Pancreatic exocrine insufficiency, diabetes mellitus and serum nutritional markers after acute pancreatitis.
World J Gastroenterol. 2014 Dec 28;20(48):18432-8
Authors: Vujasinovic M, Tepes B, Makuc J, Rudolf S, Zaletel J, Vidmar T, Seruga M, Birsa B
AIM: To investigate impairment and clinical significance of exocrine and endocrine pancreatic function in patients after acute pancreatitis (AP).
METHODS: Patients with AP were invited to participate in the study. Severity of AP was determined by the Atlanta classification and definitions revised in 2012. Pancreatic exocrine insufficiency (PEI) was diagnosed by the concentration of fecal elastase-1. An additional work-up, including laboratory testing of serum nutritional markers for determination of malnutrition, was offered to all patients with low levels of fecal elastase-1 FE. Hemoglobin A1c or oral glucose tolerance tests were also performed in patients without prior diabetes mellitus, and type 3c diabetes mellitus (T3cDM) was diagnosed according to American Diabetes Association criteria.

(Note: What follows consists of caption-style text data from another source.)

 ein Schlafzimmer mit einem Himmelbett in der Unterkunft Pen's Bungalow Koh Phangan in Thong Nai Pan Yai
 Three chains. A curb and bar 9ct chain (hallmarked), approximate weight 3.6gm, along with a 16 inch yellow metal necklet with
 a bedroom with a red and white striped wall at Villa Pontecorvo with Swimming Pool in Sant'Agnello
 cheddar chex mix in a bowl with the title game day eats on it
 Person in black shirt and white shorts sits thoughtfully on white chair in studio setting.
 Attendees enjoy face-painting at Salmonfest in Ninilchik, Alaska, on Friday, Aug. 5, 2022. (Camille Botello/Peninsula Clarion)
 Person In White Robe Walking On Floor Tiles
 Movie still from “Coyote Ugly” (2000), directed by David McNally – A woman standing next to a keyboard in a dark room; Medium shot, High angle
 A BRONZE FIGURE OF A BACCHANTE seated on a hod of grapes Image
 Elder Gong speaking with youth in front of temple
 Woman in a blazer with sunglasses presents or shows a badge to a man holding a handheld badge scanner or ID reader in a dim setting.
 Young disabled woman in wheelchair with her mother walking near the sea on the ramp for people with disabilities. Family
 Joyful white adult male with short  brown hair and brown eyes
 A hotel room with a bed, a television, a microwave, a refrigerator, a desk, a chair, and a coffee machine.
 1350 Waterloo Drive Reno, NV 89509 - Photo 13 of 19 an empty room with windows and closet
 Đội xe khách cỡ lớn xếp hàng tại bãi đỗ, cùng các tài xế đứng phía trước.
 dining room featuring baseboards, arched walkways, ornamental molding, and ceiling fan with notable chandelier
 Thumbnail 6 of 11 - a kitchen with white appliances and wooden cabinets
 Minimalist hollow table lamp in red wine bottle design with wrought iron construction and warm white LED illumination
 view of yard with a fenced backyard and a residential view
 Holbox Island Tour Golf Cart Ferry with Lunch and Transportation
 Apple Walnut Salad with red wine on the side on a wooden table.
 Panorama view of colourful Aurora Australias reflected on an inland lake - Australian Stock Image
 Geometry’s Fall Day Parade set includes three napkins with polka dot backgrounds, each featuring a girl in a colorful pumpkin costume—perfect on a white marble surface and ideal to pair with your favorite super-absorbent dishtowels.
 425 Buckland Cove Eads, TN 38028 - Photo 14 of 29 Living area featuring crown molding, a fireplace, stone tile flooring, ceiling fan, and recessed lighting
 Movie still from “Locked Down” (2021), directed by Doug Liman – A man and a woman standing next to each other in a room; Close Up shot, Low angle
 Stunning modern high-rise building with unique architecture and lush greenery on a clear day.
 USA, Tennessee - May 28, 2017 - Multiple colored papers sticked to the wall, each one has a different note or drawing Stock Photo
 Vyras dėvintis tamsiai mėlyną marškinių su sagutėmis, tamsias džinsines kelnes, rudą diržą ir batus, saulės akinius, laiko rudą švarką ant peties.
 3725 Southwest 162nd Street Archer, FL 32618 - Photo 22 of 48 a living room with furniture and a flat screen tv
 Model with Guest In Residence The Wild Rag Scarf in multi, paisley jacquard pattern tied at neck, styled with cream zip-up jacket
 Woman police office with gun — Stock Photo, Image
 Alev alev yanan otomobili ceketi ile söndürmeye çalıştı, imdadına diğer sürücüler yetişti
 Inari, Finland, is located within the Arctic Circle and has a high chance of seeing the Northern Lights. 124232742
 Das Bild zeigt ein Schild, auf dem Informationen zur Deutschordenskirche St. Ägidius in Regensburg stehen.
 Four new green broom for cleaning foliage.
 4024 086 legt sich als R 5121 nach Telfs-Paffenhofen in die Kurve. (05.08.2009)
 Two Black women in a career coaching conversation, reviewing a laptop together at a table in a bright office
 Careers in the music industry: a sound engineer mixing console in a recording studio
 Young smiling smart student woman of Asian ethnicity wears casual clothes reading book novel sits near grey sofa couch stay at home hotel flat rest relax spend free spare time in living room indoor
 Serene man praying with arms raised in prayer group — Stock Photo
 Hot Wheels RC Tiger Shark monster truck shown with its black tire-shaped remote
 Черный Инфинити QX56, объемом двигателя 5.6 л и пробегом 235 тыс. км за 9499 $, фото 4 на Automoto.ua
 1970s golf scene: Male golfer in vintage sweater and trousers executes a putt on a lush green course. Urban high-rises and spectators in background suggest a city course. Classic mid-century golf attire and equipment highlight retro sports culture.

RESULTS: One hundred patients were included in the study: 75% (75/100) of patients had one attack of AP and 25% (25/100) had two or more attacks. The most common etiology was alcohol. Mild, moderately severe and severe AP were present in 67, 15 and 18% of patients, respectively. The mean time from attack of AP to inclusion in the study was 2.7 years. PEI was diagnosed in 21% (21/100) of patients and T3cDM in 14% (14/100) of patients. In all patients with PEI, at least one serologic nutritional marker was below the lower limit of normal. T3cDM was more frequently present in patients with severe AP (P = 0.031), but was also present in some patients with mild and moderately severe AP. PEI was present in all degrees of severity of AP. There were no statistically significantly differences according to gender, etiology and number of AP attacks.
CONCLUSION: As exocrine and endocrine pancreatic insufficiency can develop after AP, routine follow-up of patients is necessary, for which serum nutritional panel measurements can be useful.